Code Clone Detection via an AlphaFold-Inspired Framework
Changguo Jia, Yi Zhan, Tianqi Zhao, Hengzhi Ye, Minghui Zhou
TL;DR
Code clone detection faces a semantic gap when relying on single token sequences. AlphaCC adapts AlphaFold’s sequence-to-structure paradigm to code by constructing a Code MSA from retrieved lexically similar code fragments and encoding it with Codeformer, a dual-attention module that processes both within-sequence and cross-sequence relationships. It then uses a late-interaction similarity followed by a margin loss to classify clone pairs, achieving state-of-the-art F1 on GCJ, BigCloneBench, and OJClone while remaining tool-independent and efficient. This approach enables robust semantic clone detection without third-party analyzers, offering practical scalability across large-scale code bases and multiple languages.
Abstract
Code clone detection plays a critical role in software maintenance and vulnerability analysis. Substantial methods have been proposed to detect code clones. However, they struggle to extract high-level program semantics directly from a single linear token sequence, leading to unsatisfactory detection performance.

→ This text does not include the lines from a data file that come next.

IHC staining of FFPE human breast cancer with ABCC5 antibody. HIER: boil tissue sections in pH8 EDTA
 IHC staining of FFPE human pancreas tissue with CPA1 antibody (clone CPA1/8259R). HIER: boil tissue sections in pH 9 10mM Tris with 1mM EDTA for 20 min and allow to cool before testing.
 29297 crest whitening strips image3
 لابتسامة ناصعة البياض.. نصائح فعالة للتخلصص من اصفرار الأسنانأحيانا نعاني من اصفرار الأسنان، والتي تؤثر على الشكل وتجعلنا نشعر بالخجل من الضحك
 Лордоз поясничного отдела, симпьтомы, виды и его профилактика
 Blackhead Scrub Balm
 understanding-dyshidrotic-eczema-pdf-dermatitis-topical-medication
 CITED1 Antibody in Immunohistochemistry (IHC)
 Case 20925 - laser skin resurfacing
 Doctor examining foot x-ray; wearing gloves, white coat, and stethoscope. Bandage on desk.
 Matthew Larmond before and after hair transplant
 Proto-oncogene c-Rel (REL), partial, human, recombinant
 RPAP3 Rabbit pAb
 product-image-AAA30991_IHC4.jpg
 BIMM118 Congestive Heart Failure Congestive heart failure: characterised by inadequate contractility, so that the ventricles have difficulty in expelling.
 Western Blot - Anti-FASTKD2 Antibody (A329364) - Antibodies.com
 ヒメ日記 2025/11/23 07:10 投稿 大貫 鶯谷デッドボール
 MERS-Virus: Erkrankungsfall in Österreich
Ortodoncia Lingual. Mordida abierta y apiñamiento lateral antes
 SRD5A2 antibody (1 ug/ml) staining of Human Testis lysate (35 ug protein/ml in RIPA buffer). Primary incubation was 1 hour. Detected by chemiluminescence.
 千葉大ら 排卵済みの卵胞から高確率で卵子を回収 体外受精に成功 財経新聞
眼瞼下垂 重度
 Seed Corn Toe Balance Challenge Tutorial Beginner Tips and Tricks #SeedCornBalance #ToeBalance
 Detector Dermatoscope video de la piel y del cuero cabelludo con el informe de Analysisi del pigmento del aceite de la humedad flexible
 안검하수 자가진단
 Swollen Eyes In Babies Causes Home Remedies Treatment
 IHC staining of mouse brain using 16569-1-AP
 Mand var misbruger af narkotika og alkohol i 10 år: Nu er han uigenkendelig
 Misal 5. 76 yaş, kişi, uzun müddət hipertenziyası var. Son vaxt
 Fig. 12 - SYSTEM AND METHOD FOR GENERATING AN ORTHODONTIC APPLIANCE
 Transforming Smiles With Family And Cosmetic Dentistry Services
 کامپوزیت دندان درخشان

A similar single-sequence challenge has been successfully addressed in protein structure prediction by AlphaFold. Motivated by the successful resolution of the shared single-sequence challenge by AlphaFold, as well as the sequential similarities between proteins and code, we leverage AlphaFold for code clone detection. In particular, we propose AlphaCC, which represents code fragments as token sequences and adapts AlphaFold's sequence-to-structure modeling capability to infer code semantics. The pipeline of AlphaCC goes through three steps. First, AlphaCC transforms each input code fragment into a token sequence and, motivated by AlphaFold's use of multiple sequence alignment (MSA), novelly uses a retrieval-augmentation strategy to construct an MSA from lexically similar token sequences. Second, AlphaCC adopts a modified attention-based encoder based on AlphaFold to model dependencies within and across token sequences. Finally, unlike AlphaFold's protein structure prediction task, AlphaCC computes similarity scores between token sequences through a late interaction strategy and performs binary classification to determine code clone pairs. Comprehensive evaluations on three datasets, particularly two semantic clone detection datasets, show that AlphaCC consistently outperforms all baselines, demonstrating strong semantic understanding. AlphaCC further achieves strong performance on instances where tool-dependent methods fail, highlighting its tool-independence. Moreover, AlphaCC maintains competitive efficiency, enabling practical usage in large-scale clone detection tasks.